Peissner: In erster Linie sind das Visualisierungsansätze. Wir stellen zum Beispiel eine grafische Oberfläche bereit, auf der die tiefen neuronalen Netze visuell dargestellt werden. Der Nutzer kann dann sehen, welchen Beitrag die einzelnen Knoten für den Output liefern. So gibt man den Anwendern die Möglichkeit, die Modelle zu explorieren und in die Algorithmen reinzugehen, um zu verstehen, wie die einzelnen Schichten des Netzwerks aussehen. Auf diese Weise lassen sich die Modelle besser verstehen. Zum Beispiel kann man so feststellen, welche Aspekte bei der automatischen Erkennung bestimmter Bildmerkmale ausschlaggebend waren.
com! professional: Das ist eine sehr technische Sichtweise, die Anwender vielleicht gar nicht interessiert.

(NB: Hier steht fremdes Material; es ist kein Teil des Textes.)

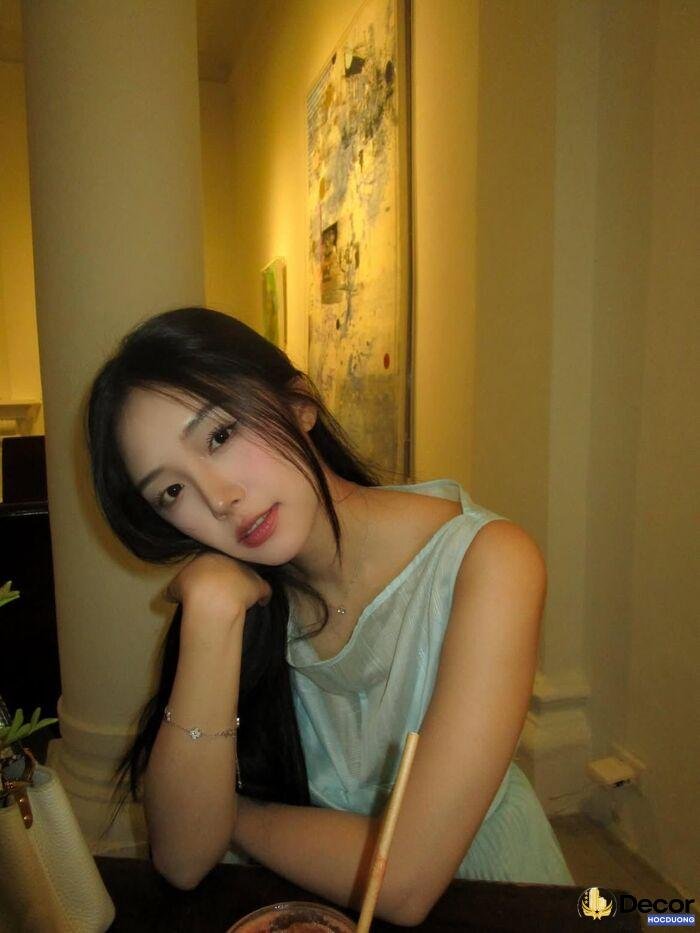 Gái xinh việt nam góc nghiêng thần thánh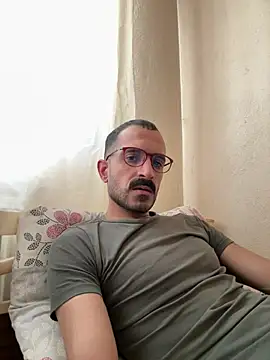 saye0044 online show from February 19, 2026, 5:25 am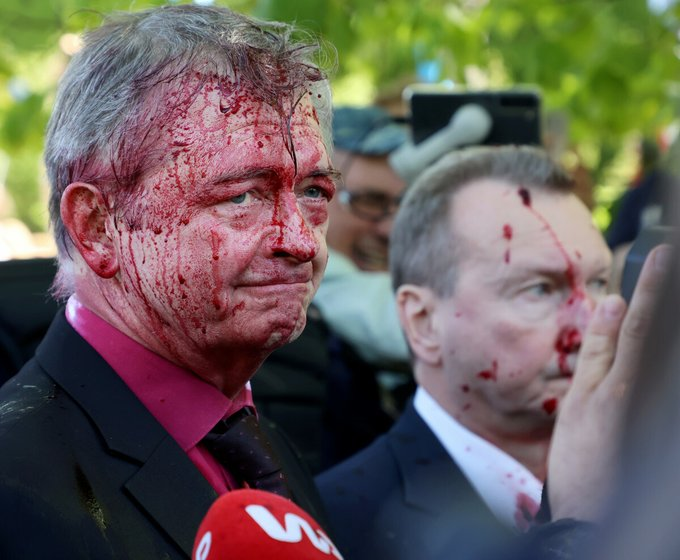 ‘Skuqet’ ambasadori rus në Poloni, sulmohet nga protestuesit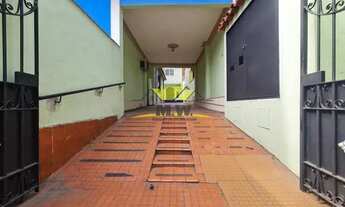 Imagem 7: ENCANTADORA CASA DE FUNDOS TRIPLEX DE 2 QUARTOS SENDO UM DELES SUITE MAIS DEPENDÊNCIA DE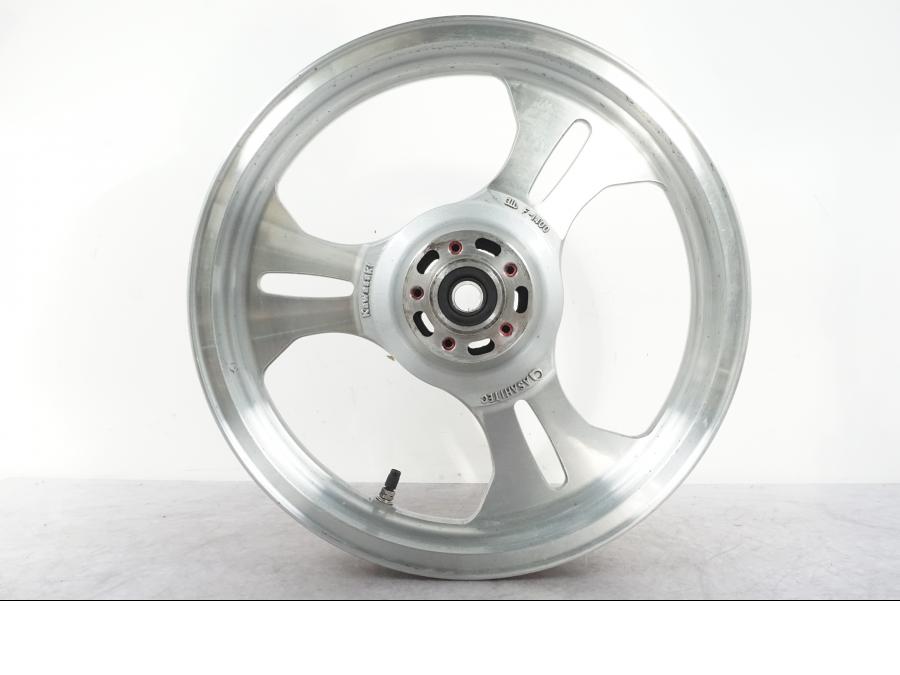 Framsidan på Fälg från en Kawasaki VN 1500 Mean Streak -2002 motorcykel.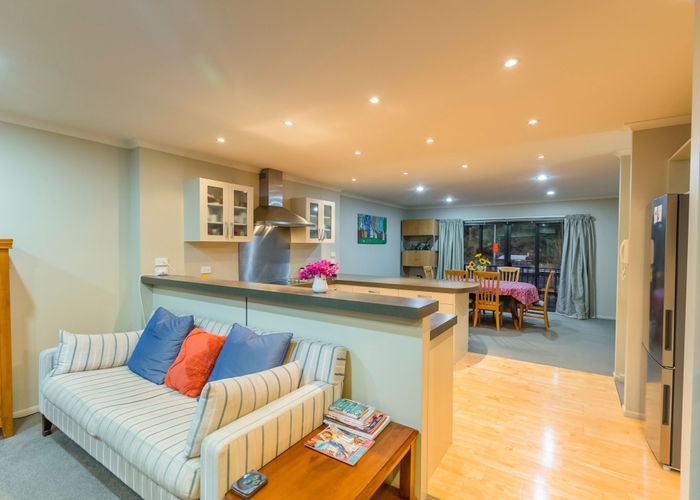  at 5/8 Wellington Rd, Paekakariki, Kapiti Coast, Wellington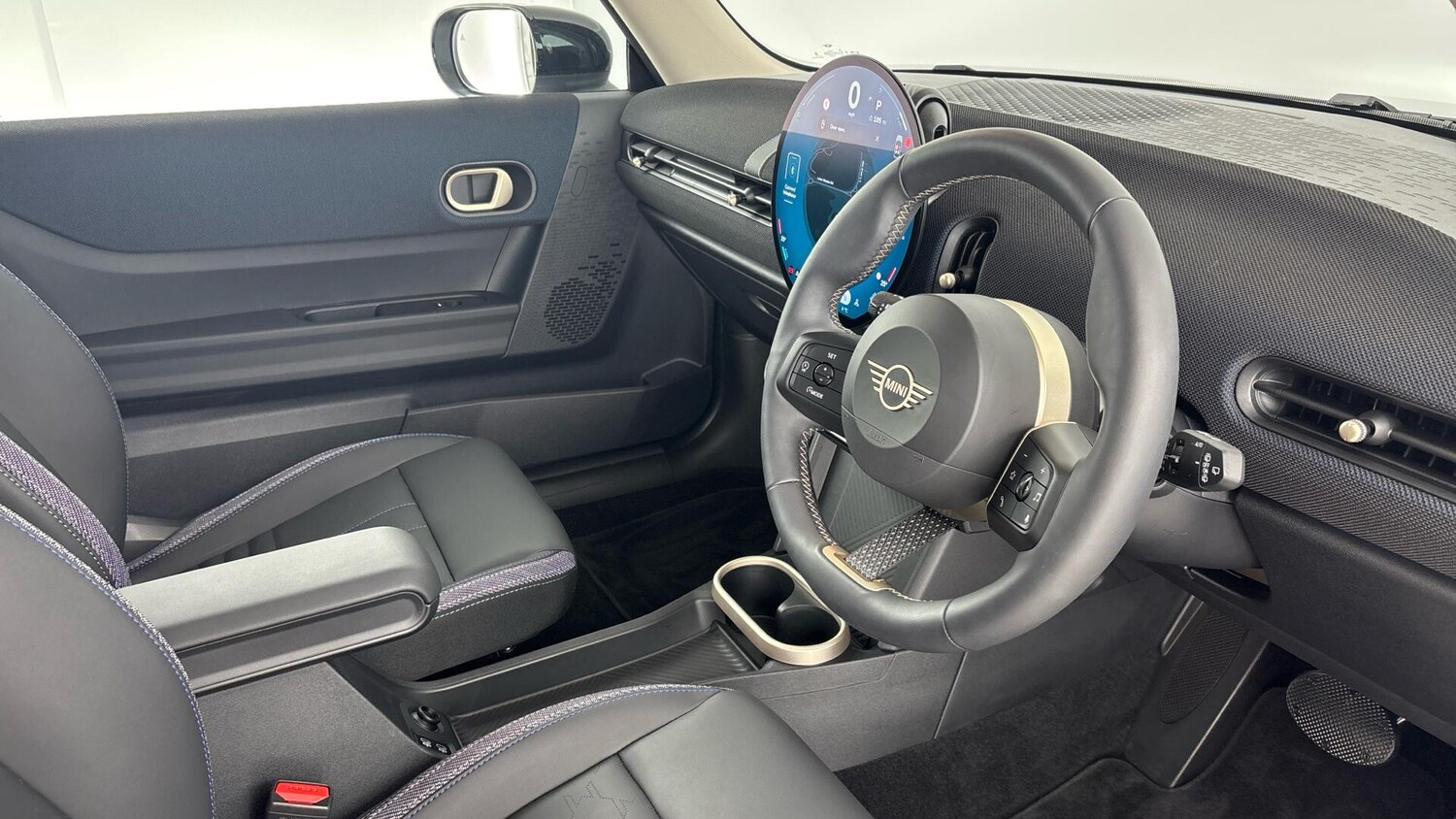 Used MINI Hatch 2025 for sale - 77330400: Photo 6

Peissner: Natürlich kann man die Erklärbarkeit auch weiter fassen und nicht nur die technische Sicht einnehmen. Sie können sich beispielsweise die Interaktion zwischen Mensch und Roboter anschauen. Oder die Interaktion zwischen Mensch und Sprachdialogsystem. Explainable AI könnte dann so weit gehen, dass Ihnen das Dialogsystem mitteilt, welche Absicht des Menschen es hinter einer Äußerung erkannt hat. Oder dass das System Ihnen Hinweise gibt, was es als Nächstes zu tun gedenkt. Das wären Aspekte des Interaktionsverhaltens.
com! professional: Haben Sie da ein praktisches Beispiel?
Peissner: Wir forschen zum Beispiel an unserem Institut an der Mensch-Roboter-Interaktion. Dabei versuchen wir in der häuslichen Nutzung von Robotern ein gewisses Vertrauen und soziale Beziehungen zwischen Mensch und Technik zu etablieren. In diesem Bereich ist es ganz entscheidend, dass es ein gegenseitiges Verständnis gibt. Das ist aber auch in der Zusammenarbeit mit Robotersystemen in der Produktion so. Auch hier ist es wichtig, dass der Mensch weiß, was der Roboter vorhat, wie er sich bewegen wird - und umgekehrt gilt das natürlich auch.
Auch diese Aspekte könnte man unter das Schlagwort Explainable AI fassen - dass Menschen ein grundsätzliches Verständnis der Funktionsweise von KI-Systemen bekommen.